The first is the chapter (at the end) devoted to the return to nothingness. Death. The author’s mother passes as he watches, and he is forced to confront why death causes us anxiety. Why, after all, can we not make peace with it? Holt notes that (with a very few exceptions), we can imagine a time before we were born, but have great difficulty imagining the universe without us. We understand beginnings, but resist final ends. Why do we “rage, rage against the dying of the light.”? Or, as Ecclesiastes puts it, eternity has been placed in the hearts of men. Holt has no real answers here.
The second passage is one that I find explains a problem that I have been struggling with over many years. Holt interviews Richard Swinburne, an Oxford professor and Eastern Orthodox Christian, (not to be confused with Algernon Charles Swinburne, the poet) who lays out a case for the existence of God. In fact, a pretty good defense of the Gospel is given by Swinburne. I found it interesting that Swinburne came across as remarkably understated. He didn’t claim that he could prove more than he could, acknowledged the weaknesses of his arguments, and didn’t name-call. (A total contrast to Richard Dawkins, the prominent atheist, who commonly resorts to flame-throwing and name calling rather than intellectual proof. Holt quotes him at length, and acknowledges that he is rather a bully.)
The argument made by Swinburne was not revolutionary to my thinking. It built on Aquinas and others, and was interesting.
What has stayed in my head since reading it, is his explanation for why so many philosophers violently rejected the concept of God.
“Many philosophers were brought up in strictly religious households. As adolescents, they found their religion in conflict with things that were obviously true, and they rebelled against it. Then later, when someone shows them a more appealing sort of religion, they’re not going to grasp it.”
I have had conversations with a number of friends about why many of my generation (and the next) have left the Christian faith. This tendency seems to be particularly strong among those who were raised in strict environments. (Such as the Christian Patriarchy movement.)
This explains that, and even more, it explains the struggles that I have had with my faith and my worldview. It explains why those who suffered abuse by their parents in the name of Christ have rejected everything.
When one is told that something is true, when it clearly is utter bullshit, and then told that one is rebellious for not believing it, it is natural to reject the entire worldview.

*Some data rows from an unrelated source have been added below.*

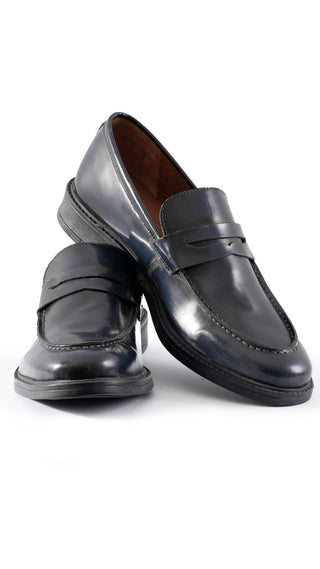 MARKUP MOCASSINO IN PELLE MK797202 BLU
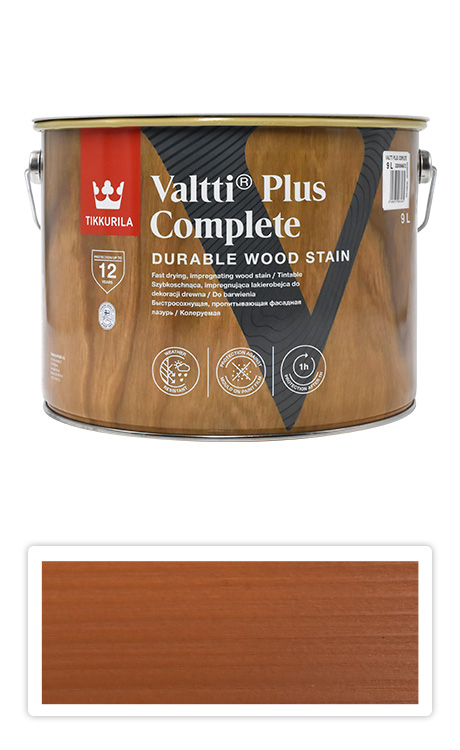 TIKKURILA Valtti Plus Complete - matná tenkovrstvá lazura 9 l Kantarelli 5054 TIKKURILA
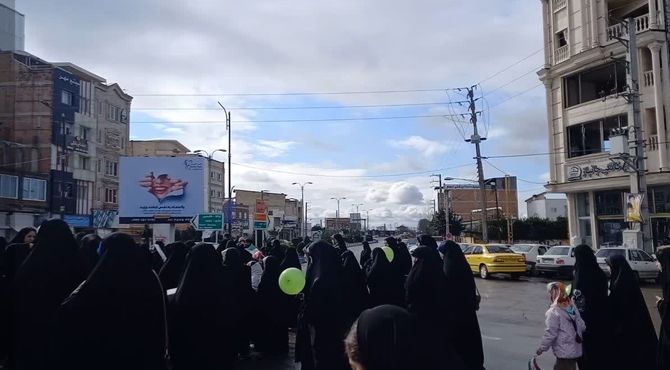 حضور پر شور مردم بهنمیر در راهپیمایی ۲۲ بهمن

And then, many within the Church double down by claiming that all those who reject Christianity do so simply because they prefer to sin. In addition to being self-righteous, condescending, and cruel, this statement is false. Obviously false, to anyone who actually has friends who are Christians-turned-atheist, always-atheist, or even atheist-turned-Christian. There are many reasons we believe or disbelieve. Some are intellectual. Some, admittedly, might be moral. But so many more stem from hurt and pain. To tell the child of an alcoholic mother who beat him, while all the time pretending to be a perfect church member that he just “wants to sin” is truly lacking in truth, understanding, or love.
I’ve already written about a few of the patently untrue things I was expected to swallow, and I hope to do more in the coming year.
In summary, this book has flaws, but it is a worthwhile read. I believe it is vitally important to understand the arguments on all sides of this issue, particularly before making moral judgments about the intentions of those who hold to different viewpoints.